Alright, sell me.
I don't like "the Blues" as a modern form of music. Show me why I'm wrong.
I tend to think it all sounds very similar.
NOW, I'm no idiot, I realize that the best art revolves around nuance etc. However, with the blues, i hear very little innovation. Am I wrong? I'd love to be proven wrong. Please post a blues song that you love in the comments. Please make it be recorded after 1980. There's no doubt that the early blues music was integral to rock and roll. Im talking about the modern version.
Does the Blues suck?
I've wondered about this briefly and realized: Modern blues is literally pop music on the blues scale. lyrics, almost as shitty.

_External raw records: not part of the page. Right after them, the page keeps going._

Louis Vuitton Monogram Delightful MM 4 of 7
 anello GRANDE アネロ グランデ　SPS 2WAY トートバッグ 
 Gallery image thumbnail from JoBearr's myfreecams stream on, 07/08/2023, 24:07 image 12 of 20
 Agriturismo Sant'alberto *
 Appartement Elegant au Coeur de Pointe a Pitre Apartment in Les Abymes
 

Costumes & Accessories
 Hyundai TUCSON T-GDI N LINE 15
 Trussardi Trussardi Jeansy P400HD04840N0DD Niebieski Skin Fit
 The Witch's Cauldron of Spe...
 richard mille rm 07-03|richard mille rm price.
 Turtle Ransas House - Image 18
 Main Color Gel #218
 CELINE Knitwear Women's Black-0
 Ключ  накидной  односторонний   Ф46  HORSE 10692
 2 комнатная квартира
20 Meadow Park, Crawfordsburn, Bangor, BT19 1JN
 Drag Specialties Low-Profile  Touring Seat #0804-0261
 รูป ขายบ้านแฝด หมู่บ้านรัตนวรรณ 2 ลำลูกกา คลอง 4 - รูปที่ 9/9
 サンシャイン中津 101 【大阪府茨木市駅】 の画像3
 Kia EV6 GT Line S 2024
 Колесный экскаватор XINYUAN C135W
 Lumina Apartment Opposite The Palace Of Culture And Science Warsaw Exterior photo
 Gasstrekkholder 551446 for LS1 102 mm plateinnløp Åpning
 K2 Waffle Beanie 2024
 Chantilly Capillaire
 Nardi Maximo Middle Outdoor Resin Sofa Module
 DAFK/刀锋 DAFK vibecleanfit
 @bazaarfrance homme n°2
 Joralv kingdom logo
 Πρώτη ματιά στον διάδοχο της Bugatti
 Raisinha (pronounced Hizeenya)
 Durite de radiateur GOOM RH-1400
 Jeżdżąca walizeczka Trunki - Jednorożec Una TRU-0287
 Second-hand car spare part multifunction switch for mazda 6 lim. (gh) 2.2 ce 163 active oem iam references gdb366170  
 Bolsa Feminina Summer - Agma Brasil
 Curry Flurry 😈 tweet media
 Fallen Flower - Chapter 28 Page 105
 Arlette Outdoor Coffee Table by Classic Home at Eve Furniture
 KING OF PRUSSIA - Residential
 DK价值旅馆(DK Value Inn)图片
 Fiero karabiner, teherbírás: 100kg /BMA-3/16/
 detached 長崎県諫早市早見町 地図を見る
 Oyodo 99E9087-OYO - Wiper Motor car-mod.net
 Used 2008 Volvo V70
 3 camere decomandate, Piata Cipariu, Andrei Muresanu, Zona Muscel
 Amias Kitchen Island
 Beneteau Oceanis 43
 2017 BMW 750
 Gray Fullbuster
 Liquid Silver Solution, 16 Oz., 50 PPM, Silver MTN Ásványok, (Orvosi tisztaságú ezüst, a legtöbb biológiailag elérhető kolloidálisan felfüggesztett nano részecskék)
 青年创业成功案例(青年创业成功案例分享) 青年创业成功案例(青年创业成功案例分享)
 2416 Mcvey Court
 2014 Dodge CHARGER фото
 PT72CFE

Instrumentation... OK, luckily there are no heavily electronic trends in modern blues yet. But if we're excluding blues rock, pretty much all I got is Tom Waits, and you may also wanna check out The Dirt Diary (I believe flagamuffin told me about him)-- he did a great cover of Waits' Gun Street Girl. E- In hindsight I'm an idiot, there is an absolute ocean of soul-wrenching, ground-shaking blues vocalists and musicians that aren't famous or don't write/release their own albums, like a black singer for their church. It's certainly not dead, I kinda convinced myself only blues rock was still thriving. Blues is no longer an exciting creative endeavor because it's natural routes of exploration are literally everything we have today. It has already evolved, and everyone trying to play the blues nowadays isn't trying to be a pioneer, they're takin the same ol', good ol' blues scale and riffing on their sufferings as identically as possible to the John Lee Hookers of a century past. Now blues rock may be a different story cause it blends into this massive world of rock and pop and alternative that can churn out a band from the White Stripes to Mumford and Sons or whatever. Bur over time uou're still gonna hear the same music-- just like pop -- though your dance might be a little groovier and your flannel a little checkered-er. Its all the same stuff in the end.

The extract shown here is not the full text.